Exercise aim:
Copy every line in the records below that contains the word "with".

Data shown:
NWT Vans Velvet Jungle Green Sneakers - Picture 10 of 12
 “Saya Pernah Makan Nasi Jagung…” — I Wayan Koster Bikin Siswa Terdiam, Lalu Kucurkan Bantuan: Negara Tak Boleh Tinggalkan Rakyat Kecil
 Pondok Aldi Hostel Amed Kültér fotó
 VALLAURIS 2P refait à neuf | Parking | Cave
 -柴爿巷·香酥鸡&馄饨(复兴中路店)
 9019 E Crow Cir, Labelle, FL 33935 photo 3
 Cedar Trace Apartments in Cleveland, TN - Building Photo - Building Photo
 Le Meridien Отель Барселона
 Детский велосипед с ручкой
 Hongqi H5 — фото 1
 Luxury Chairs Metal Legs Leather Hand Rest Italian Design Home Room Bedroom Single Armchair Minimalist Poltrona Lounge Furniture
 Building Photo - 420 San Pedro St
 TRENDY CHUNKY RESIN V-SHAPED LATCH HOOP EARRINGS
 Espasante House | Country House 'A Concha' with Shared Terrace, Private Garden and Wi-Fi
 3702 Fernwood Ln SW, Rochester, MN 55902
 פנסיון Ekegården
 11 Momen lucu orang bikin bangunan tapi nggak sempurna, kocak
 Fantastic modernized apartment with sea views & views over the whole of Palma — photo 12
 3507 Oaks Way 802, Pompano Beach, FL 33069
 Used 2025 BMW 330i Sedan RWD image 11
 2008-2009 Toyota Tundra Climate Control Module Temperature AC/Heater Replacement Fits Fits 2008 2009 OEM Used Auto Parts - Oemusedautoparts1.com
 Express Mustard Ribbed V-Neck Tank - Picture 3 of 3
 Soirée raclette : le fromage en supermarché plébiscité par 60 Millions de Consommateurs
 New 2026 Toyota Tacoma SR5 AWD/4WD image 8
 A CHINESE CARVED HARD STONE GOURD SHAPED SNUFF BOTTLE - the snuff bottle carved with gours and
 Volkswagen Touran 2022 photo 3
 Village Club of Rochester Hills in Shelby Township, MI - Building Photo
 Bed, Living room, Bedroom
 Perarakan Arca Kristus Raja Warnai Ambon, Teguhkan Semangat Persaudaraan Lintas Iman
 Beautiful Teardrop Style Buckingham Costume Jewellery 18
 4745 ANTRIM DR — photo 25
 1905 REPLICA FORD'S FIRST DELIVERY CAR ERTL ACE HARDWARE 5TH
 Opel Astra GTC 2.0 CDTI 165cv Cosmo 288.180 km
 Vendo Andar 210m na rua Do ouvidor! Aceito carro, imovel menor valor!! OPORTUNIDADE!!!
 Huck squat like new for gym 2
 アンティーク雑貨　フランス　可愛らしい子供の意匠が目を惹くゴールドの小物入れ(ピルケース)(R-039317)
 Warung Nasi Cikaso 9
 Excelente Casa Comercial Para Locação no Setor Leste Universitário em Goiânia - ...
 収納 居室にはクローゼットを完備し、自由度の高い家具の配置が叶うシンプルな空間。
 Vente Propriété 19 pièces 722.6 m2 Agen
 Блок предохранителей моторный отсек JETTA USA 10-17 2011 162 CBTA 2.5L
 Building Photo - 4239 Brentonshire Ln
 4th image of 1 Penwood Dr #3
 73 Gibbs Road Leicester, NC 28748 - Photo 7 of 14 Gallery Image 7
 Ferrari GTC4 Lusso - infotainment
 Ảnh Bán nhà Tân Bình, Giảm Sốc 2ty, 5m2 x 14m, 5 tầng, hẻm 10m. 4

Task result:
 Espasante House | Country House 'A Concha' with Shared Terrace, Private Garden and Wi-Fi
 Fantastic modernized apartment with sea views & views over the whole of Palma — photo 12
 A CHINESE CARVED HARD STONE GOURD SHAPED SNUFF BOTTLE - the snuff bottle carved with gours and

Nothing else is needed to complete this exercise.